STORED DATA START
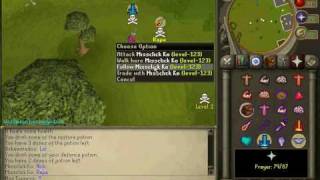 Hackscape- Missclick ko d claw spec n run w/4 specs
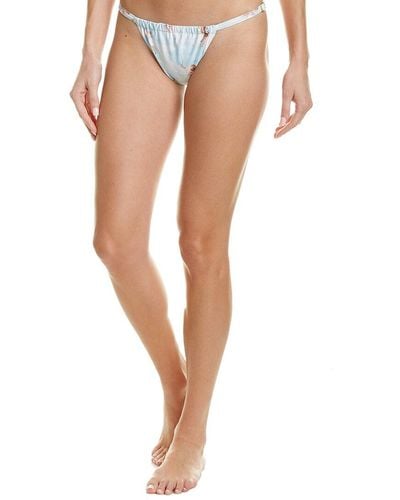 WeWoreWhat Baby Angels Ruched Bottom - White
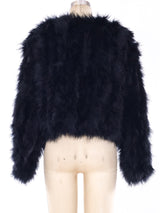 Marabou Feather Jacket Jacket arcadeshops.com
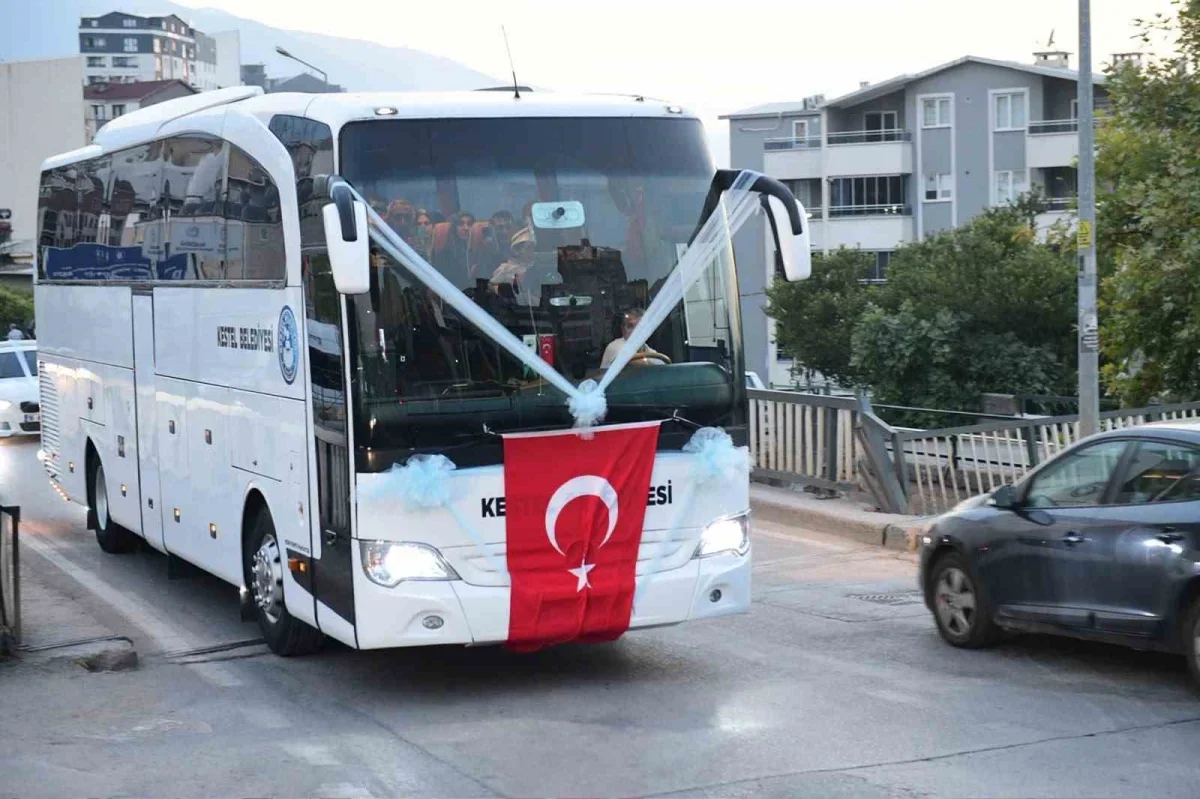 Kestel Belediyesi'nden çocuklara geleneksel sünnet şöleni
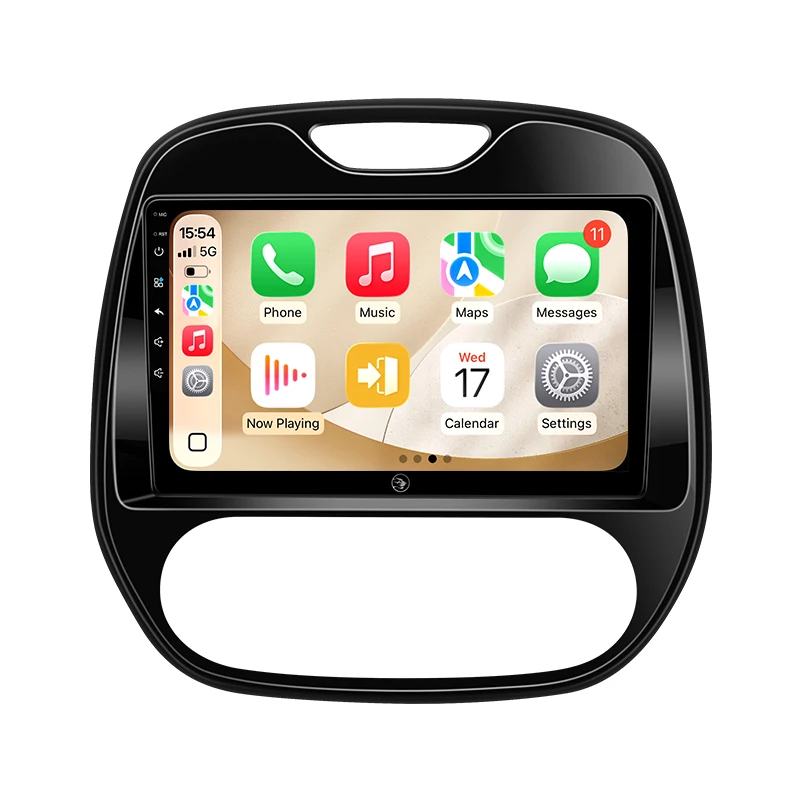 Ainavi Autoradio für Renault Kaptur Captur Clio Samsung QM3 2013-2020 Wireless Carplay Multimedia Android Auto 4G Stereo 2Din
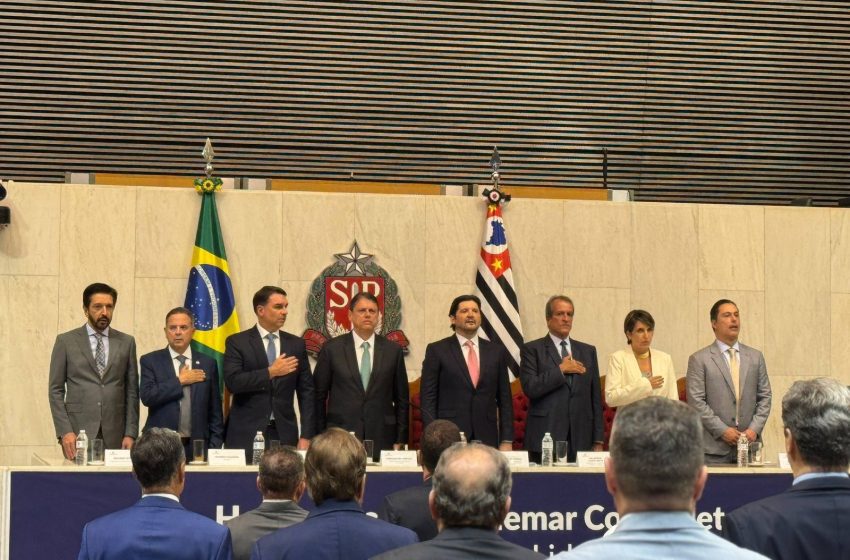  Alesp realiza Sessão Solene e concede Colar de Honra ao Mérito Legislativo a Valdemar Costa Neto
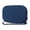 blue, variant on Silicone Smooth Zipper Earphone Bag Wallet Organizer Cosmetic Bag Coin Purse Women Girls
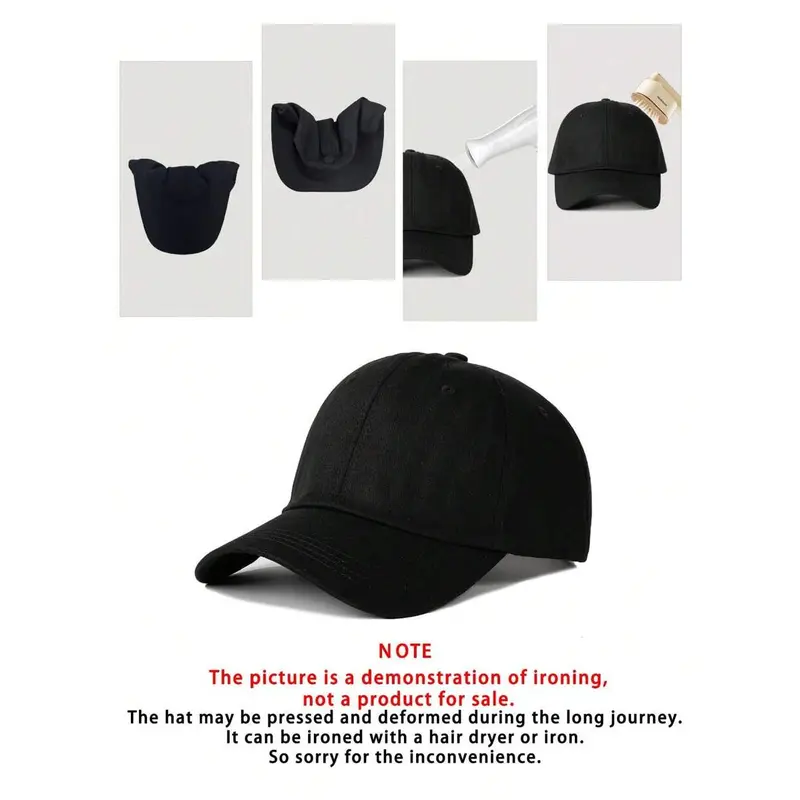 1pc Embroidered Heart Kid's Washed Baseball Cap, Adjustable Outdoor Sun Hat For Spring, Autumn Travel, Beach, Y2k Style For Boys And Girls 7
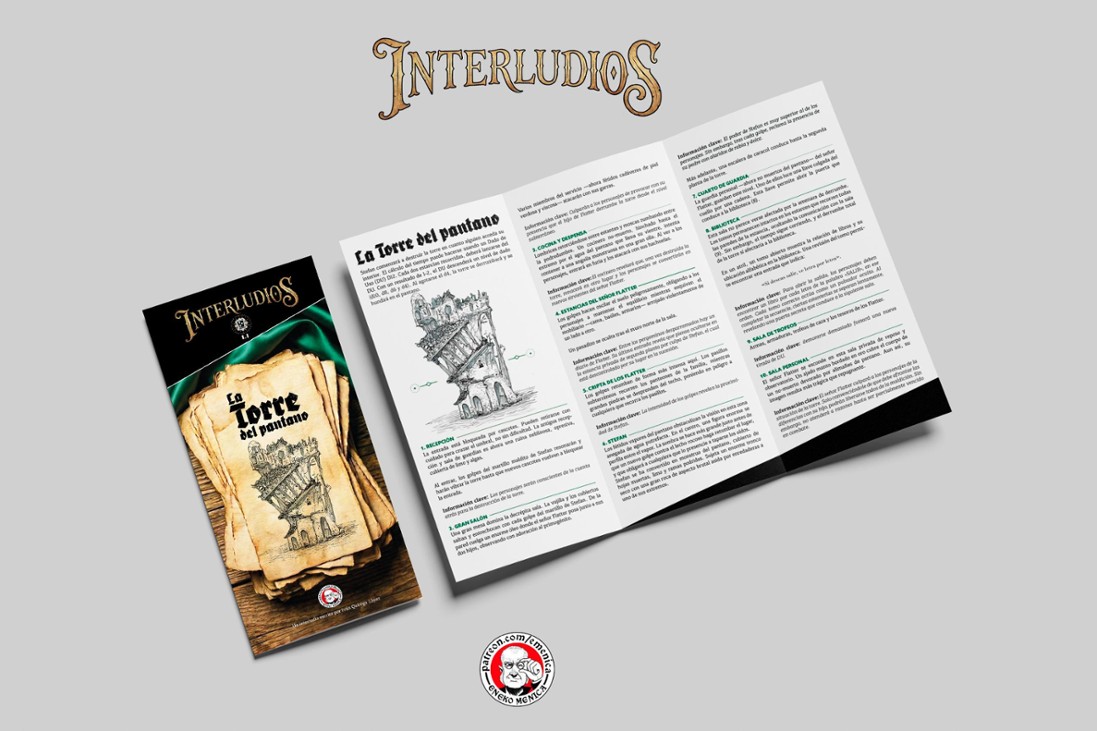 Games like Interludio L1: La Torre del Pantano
STORED DATA END
# [EXERCISE INSTRUCTIONS]
Leave out the images and transcribe all the records exactly.

# [SOLUTION FOR THIS TASK]
 Hackscape- Missclick ko d claw spec n run w/4 specs
 WeWoreWhat Baby Angels Ruched Bottom - White
 Marabou Feather Jacket Jacket arcadeshops.com
 Kestel Belediyesi'nden çocuklara geleneksel sünnet şöleni
 Ainavi Autoradio für Renault Kaptur Captur Clio Samsung QM3 2013-2020 Wireless Carplay Multimedia Android Auto 4G Stereo 2Din
  Alesp realiza Sessão Solene e concede Colar de Honra ao Mérito Legislativo a Valdemar Costa Neto
 blue, variant on Silicone Smooth Zipper Earphone Bag Wallet Organizer Cosmetic Bag Coin Purse Women Girls
 1pc Embroidered Heart Kid's Washed Baseball Cap, Adjustable Outdoor Sun Hat For Spring, Autumn Travel, Beach, Y2k Style For Boys And Girls 7
 Games like Interludio L1: La Torre del Pantano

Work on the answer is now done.